Bound states in QCD: Why only bound states of 2 or 3 quarks and not more?
There is no known reason that you can't have bound states like $qq\bar{q}\bar{q}$ or $qqqq\bar{q}$ or higher number excitations, but none have been observed to date.
You do have to make a color-neutral state, of course.
In the mid-2000 some folks thought that they had of pentaquark states (that the $qqqq\bar{q}$) for a while, but it was eventually concluded that they were wrong.

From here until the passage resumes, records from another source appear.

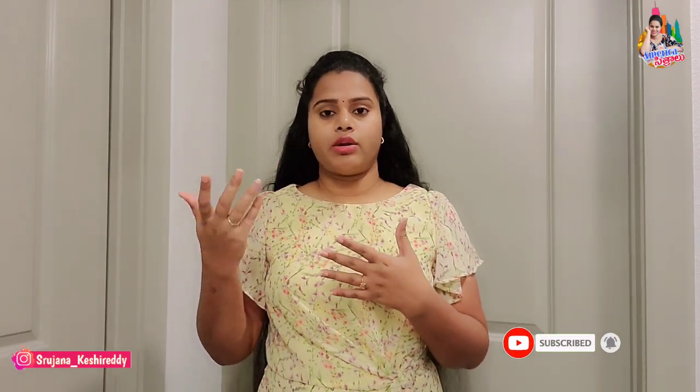If you have any questions, feel free to ask. If you want to follow us, subscribe to our channel, click on my channel and subscribe, so that you don't miss any videos. Let's start the video.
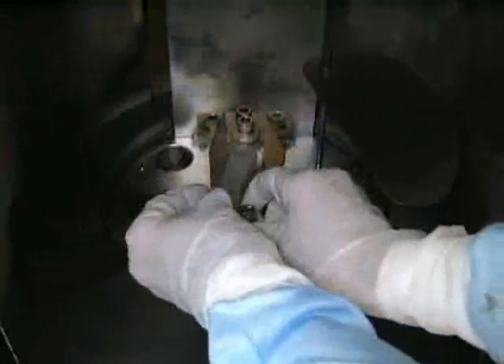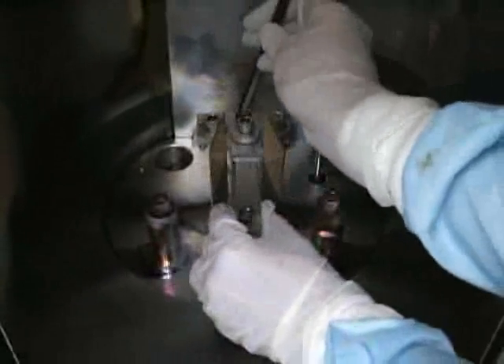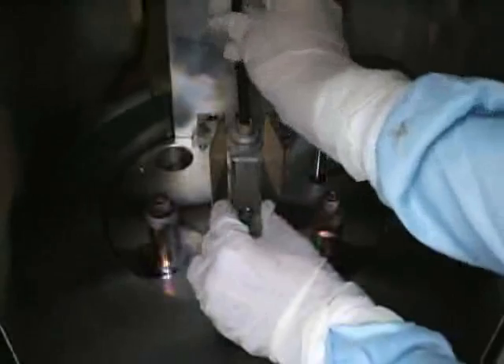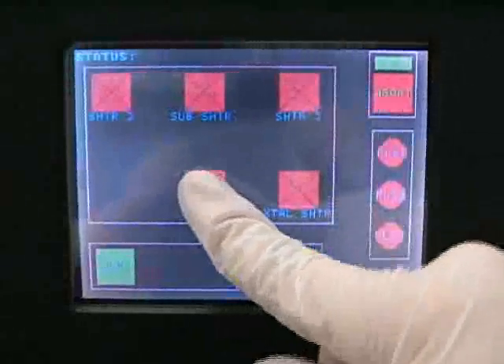The PVD-75 is capable of evaporating multiple metal types per process. For each metal to be evaporated, mount a tungsten boat between a pair of electrodes at the base of the chamber. Once they are in position, place one or two pellets in each of the boats. You should note which electrode pair corresponds to each metal. You should now close the shutter by pressing the shutter 1 button on the depth menu on the front panel touchscreen.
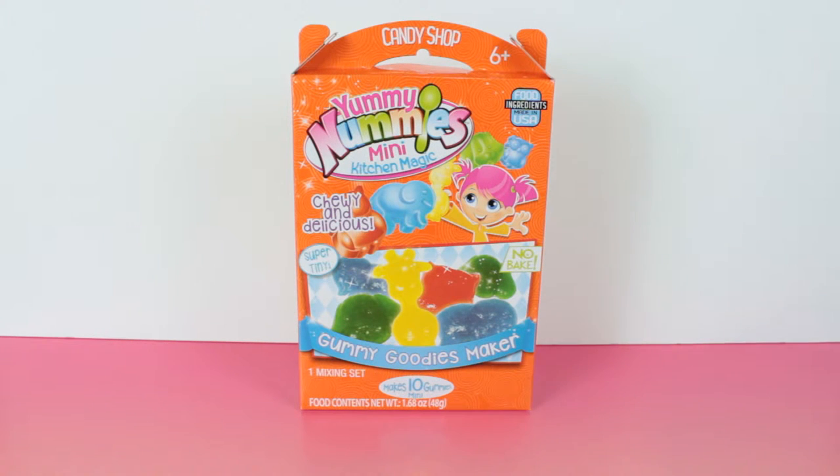Hey, what's up guys? It's EB from Kids Play TV, and today we're going to be doing something a little new that's on the shelves. It's called Yummy Nummies Mini Kitchen Magic. Today I'm going to be doing the Gummy Goodies Maker.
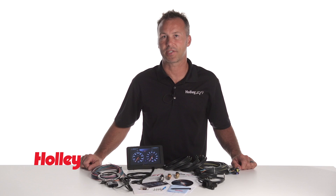Holley's Standalone Digital Dash has all the same great features and gauge customization capabilities as our EFI dash does, but it allows you to use it in any vehicle without the need to run a Holley ECU.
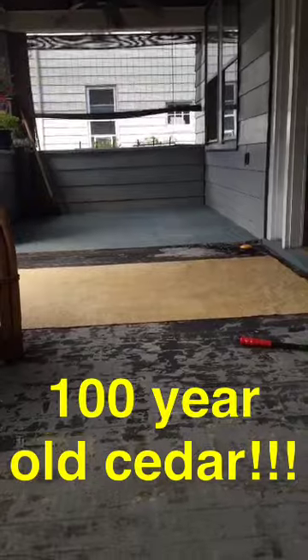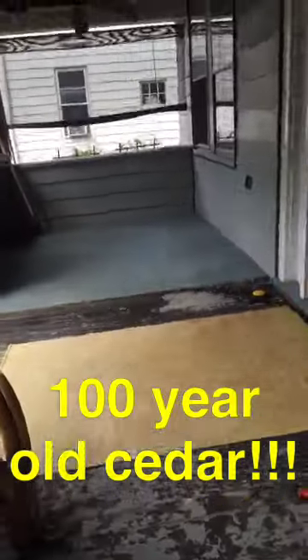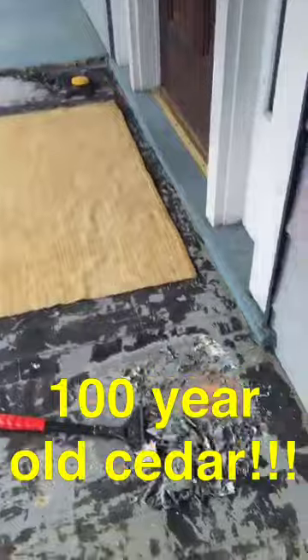That hose behind me was responsible for quite a disaster on our porch this summer, and this week I'm going to remedy that disaster. Here's where we're at right now — gotta remove the rest of that carpet.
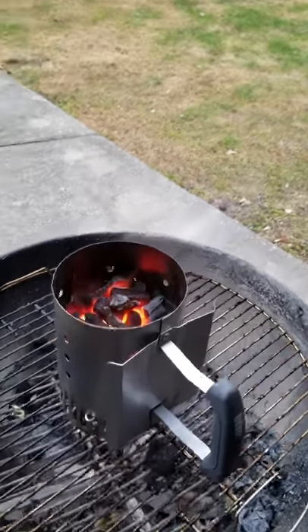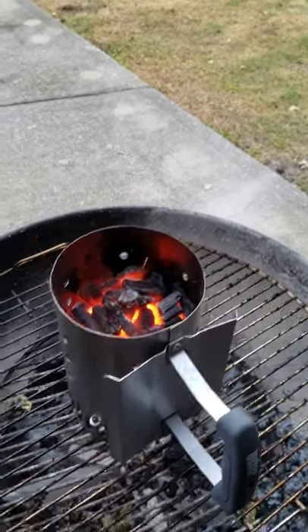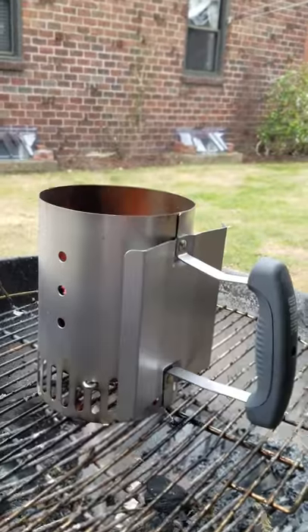The trick is not to fill up the chimney starter all the way to the top with coal, and to use as little newspaper as possible in the bottom when you light it. Otherwise you're gonna have an accident like we had before, where we create a lot of smoke.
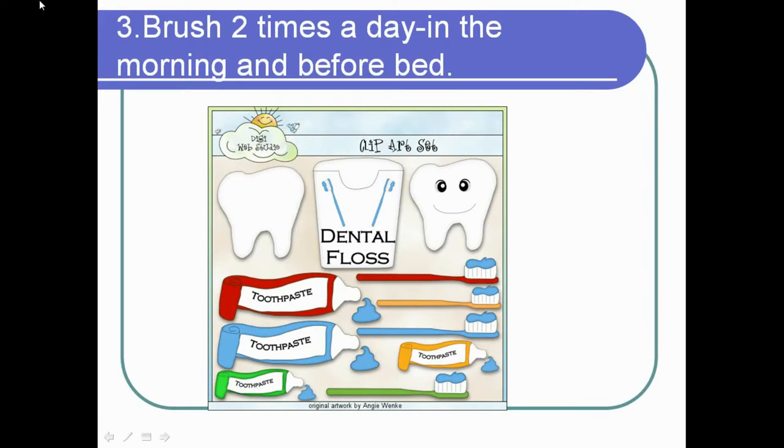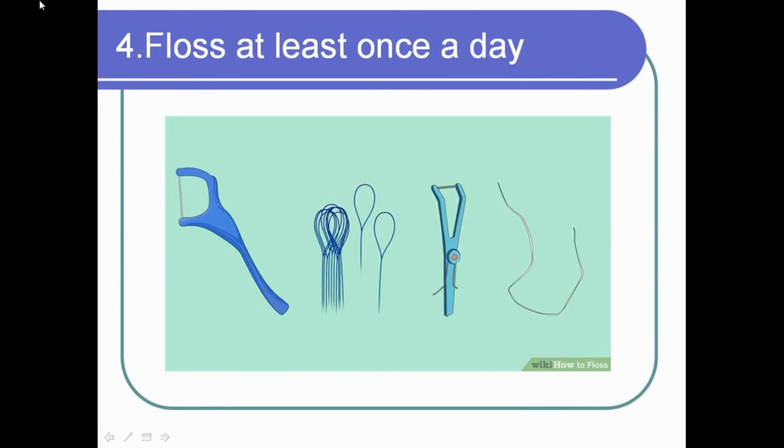Brush two times a day — in the morning and before bed. This is a habit that should be taught to every child so that later in life it becomes normal. When we are asleep, the effect of physiological self-cleaning is really small and the danger of tooth decay becomes really high. If we brush more than twice it is also bad because we can damage our enamel. So the ideal is to brush two times a day.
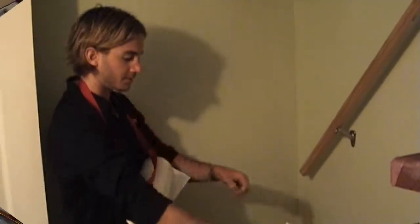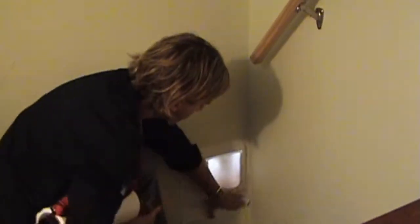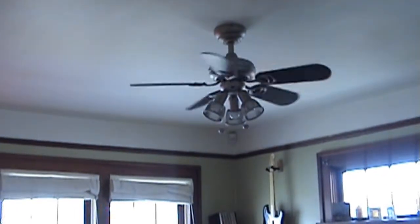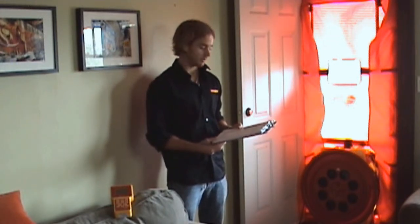We've sealed any dog or cat doors with covers so they stay sealed during the test. We've turned off all ceiling fans. The attic hatch is closed. All kitchen, bathroom, and exhaust fans have been turned off. This includes the clothes dryer, and we've also turned off the air handling unit.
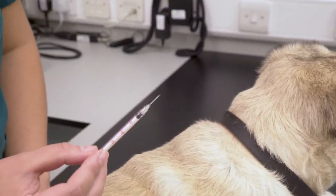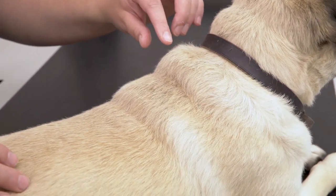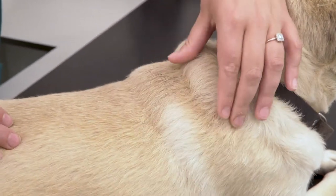Remember to dispose of sharps into the sharps bin. If your pet requires multiple injections it's important to rotate the injection site on a daily basis.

Added June 2013: Looks like we may have good evidence of four-quark bound states, though the detailed structure is not yet understood, and in the comments Peter Kravchuk points out that pentaquarks have come back while I wasn't paying attention (and the same state, too). Seem some egg may have moved from face to face.
As a quick explanation: all bound states are color-neutral. The intuitive reason is that the strong interaction is so strong that it would pull any color-charged particles together. (Because the strong force increases with distance, you can't get around this by spreading out the charged particles, as you can with the EM interaction.)
Since there are 3 colors, you can either achieve a color-neutral state by combining one quark of each color, which gives you a baryon, or a quark and an antiquark of the same color (e.g. blue and antiblue), which gives you a meson. Any combination of more quarks or antiquarks that works out to being color-neutral, such as the hypothetical pentaquark, can be broken down into some combination of baryons and mesons, which means that such a particle would probably naturally decay in that way, if it could even exist (which there is no evidence for).
In a sense every nucleus is a bound state of 3N quarks. After all, the nuclear force between nucleons (protons and neutrons) is a result of the leakage of the strong color force outside the "boundary" of the nucleon. So there are undoubtedly gluons and even quark exchanges between the nucleons of a nucleus.